Reproduce the lines below exactly, from the one containing "Hotellrom med stor" through the one containing "building together Using", both included. Leave out any pictures.

THE RECORDS: Begin

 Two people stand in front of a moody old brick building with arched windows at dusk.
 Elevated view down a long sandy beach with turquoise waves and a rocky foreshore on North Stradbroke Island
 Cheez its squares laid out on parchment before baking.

THE RECORDS: End
THE RECORDS: Begin

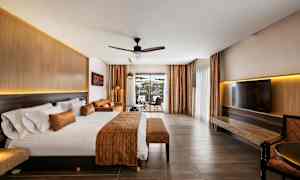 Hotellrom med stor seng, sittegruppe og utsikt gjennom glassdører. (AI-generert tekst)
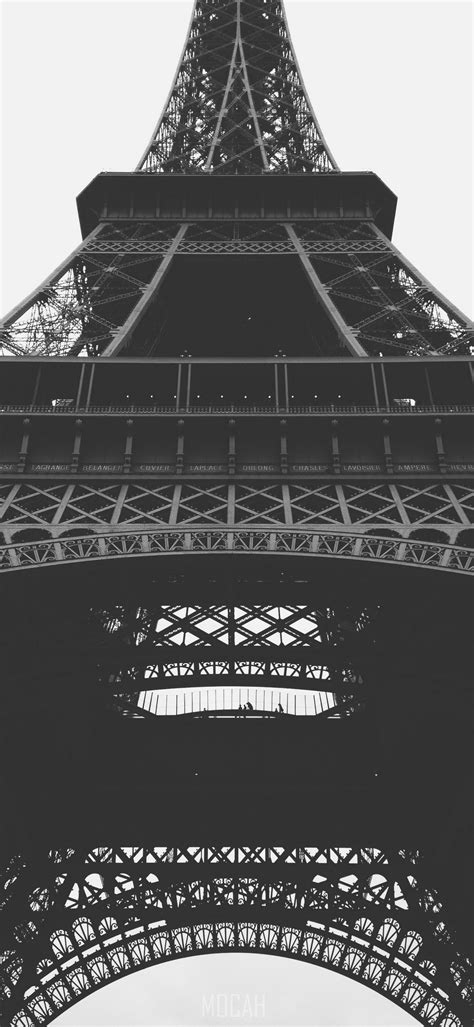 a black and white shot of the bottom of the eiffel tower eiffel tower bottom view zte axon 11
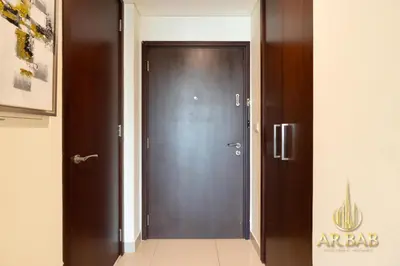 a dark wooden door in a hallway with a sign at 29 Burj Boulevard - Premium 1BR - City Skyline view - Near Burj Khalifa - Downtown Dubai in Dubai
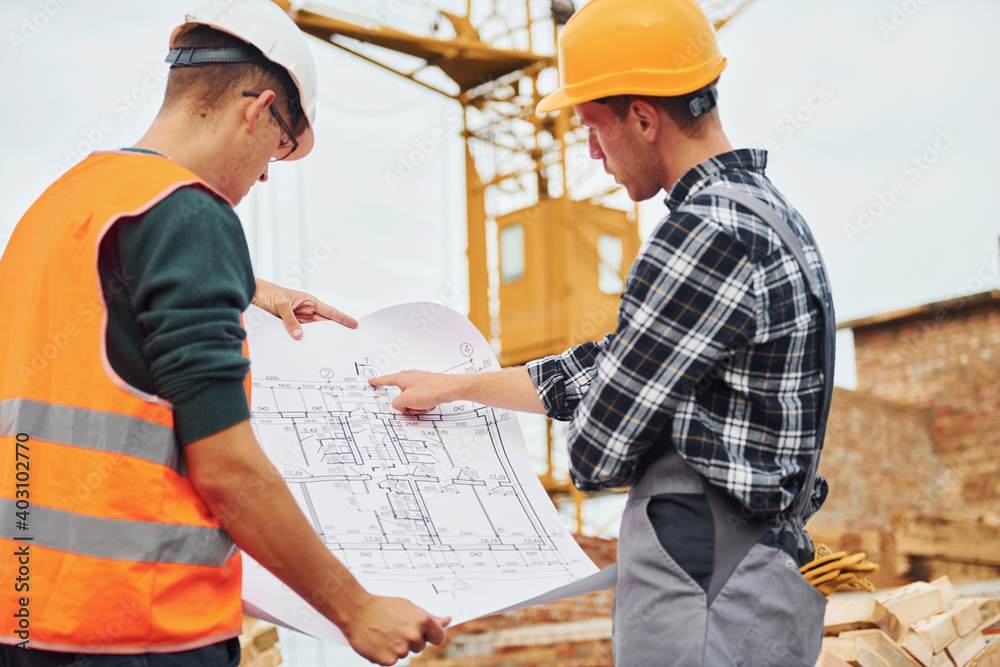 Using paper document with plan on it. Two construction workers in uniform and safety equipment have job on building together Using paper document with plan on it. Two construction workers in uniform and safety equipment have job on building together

THE RECORDS: End

— SOLUTION —
 Hotellrom med stor seng, sittegruppe og utsikt gjennom glassdører. (AI-generert tekst)
 a black and white shot of the bottom of the eiffel tower eiffel tower bottom view zte axon 11
 a dark wooden door in a hallway with a sign at 29 Burj Boulevard - Premium 1BR - City Skyline view - Near Burj Khalifa - Downtown Dubai in Dubai
 Using paper document with plan on it. Two construction workers in uniform and safety equipment have job on building together Using paper document with plan on it. Two construction workers in uniform and safety equipment have job on building together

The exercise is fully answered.